Activity: Print each entry in full, word for word, with no pictures in the result.

Exercise data:
◇ ◇ ◇ ◇
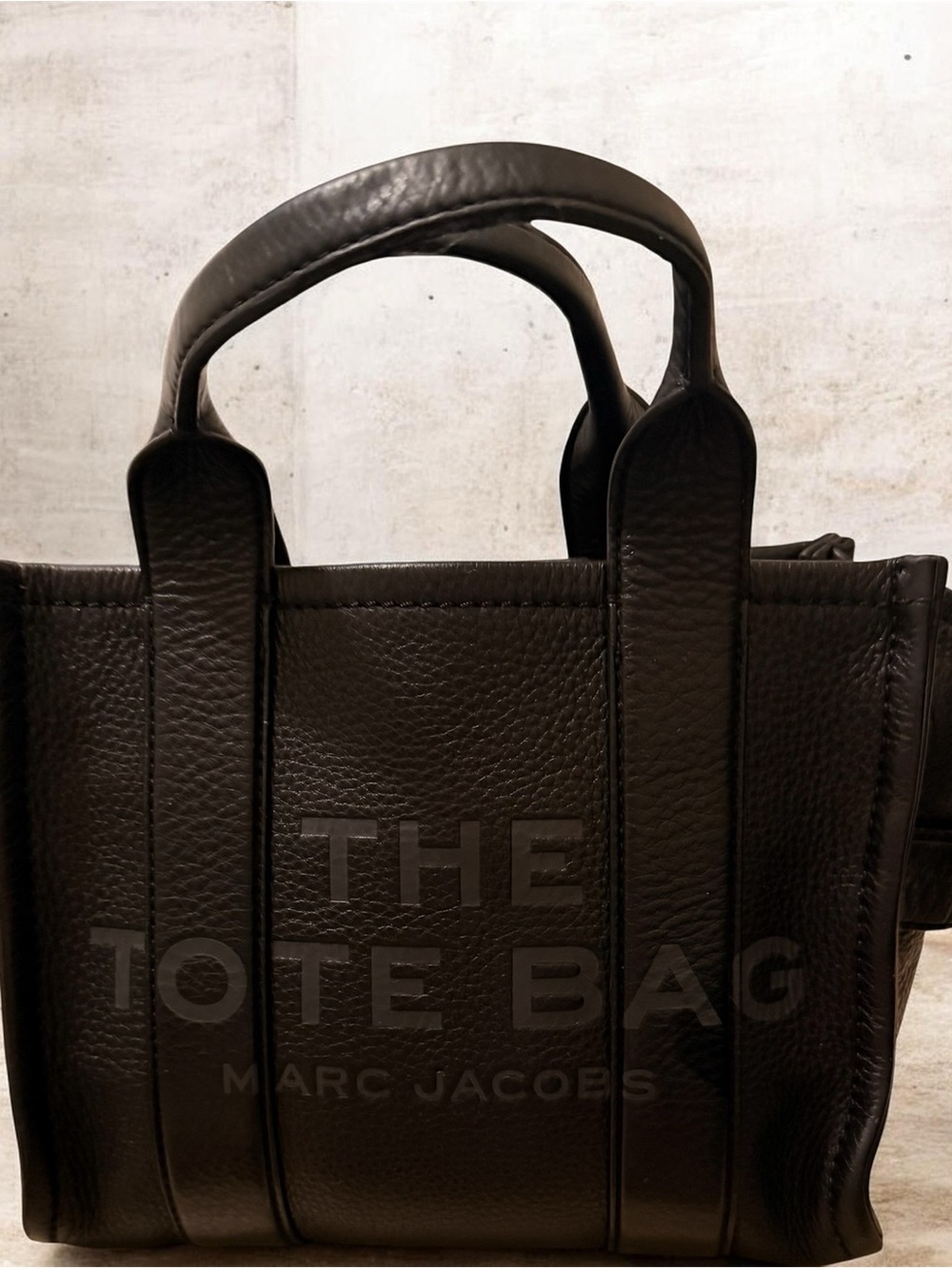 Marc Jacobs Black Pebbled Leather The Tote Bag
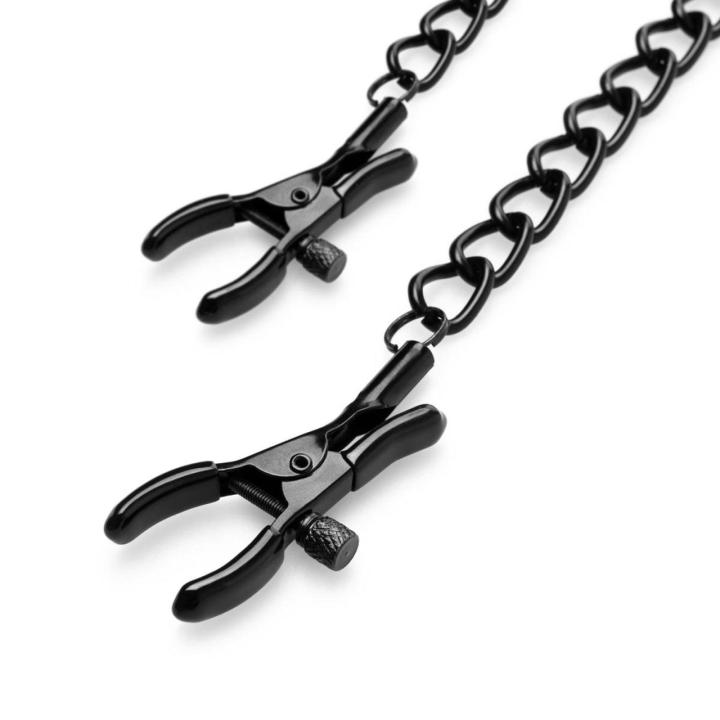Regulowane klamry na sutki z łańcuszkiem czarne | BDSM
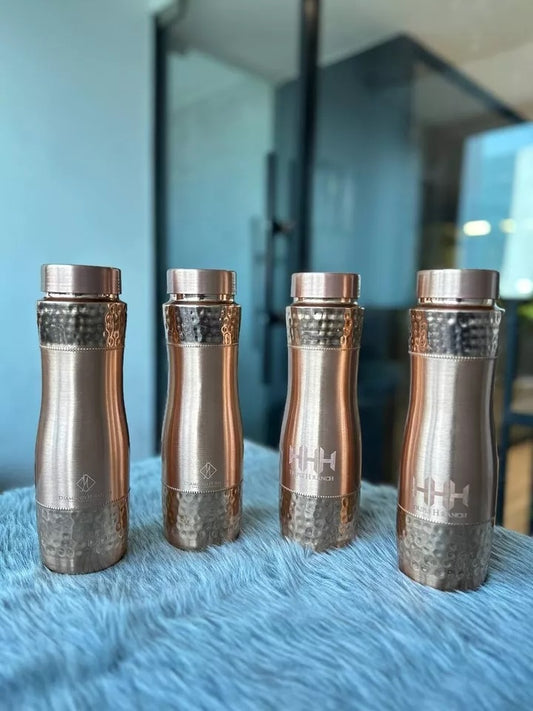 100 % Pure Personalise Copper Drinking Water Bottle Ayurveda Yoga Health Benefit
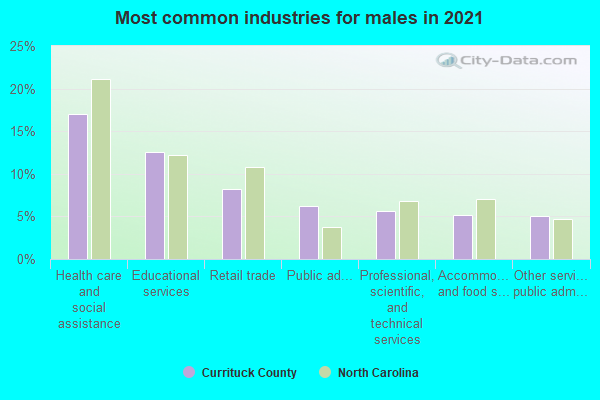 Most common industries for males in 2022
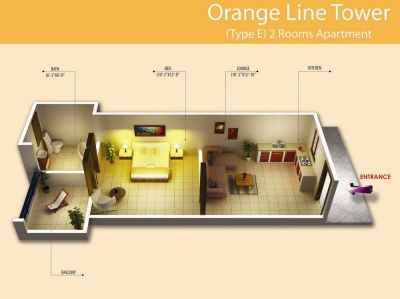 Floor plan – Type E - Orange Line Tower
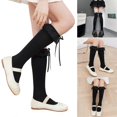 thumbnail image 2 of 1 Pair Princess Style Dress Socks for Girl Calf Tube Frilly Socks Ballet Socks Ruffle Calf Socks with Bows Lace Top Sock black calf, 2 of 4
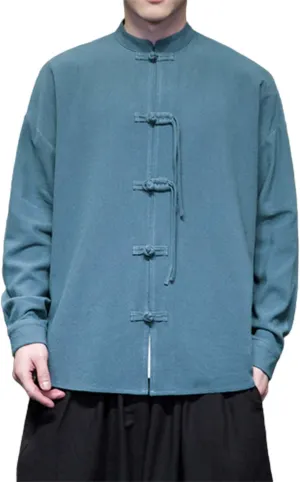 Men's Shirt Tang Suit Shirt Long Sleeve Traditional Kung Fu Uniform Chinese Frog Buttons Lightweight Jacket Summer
◇ ◇ ◇ ◇
Answer area:
 Marc Jacobs Black Pebbled Leather The Tote Bag
Regulowane klamry na sutki z łańcuszkiem czarne | BDSM
 100 % Pure Personalise Copper Drinking Water Bottle Ayurveda Yoga Health Benefit
 Most common industries for males in 2022
 Floor plan – Type E - Orange Line Tower
 thumbnail image 2 of 1 Pair Princess Style Dress Socks for Girl Calf Tube Frilly Socks Ballet Socks Ruffle Calf Socks with Bows Lace Top Sock black calf, 2 of 4
 Men's Shirt Tang Suit Shirt Long Sleeve Traditional Kung Fu Uniform Chinese Frog Buttons Lightweight Jacket Summer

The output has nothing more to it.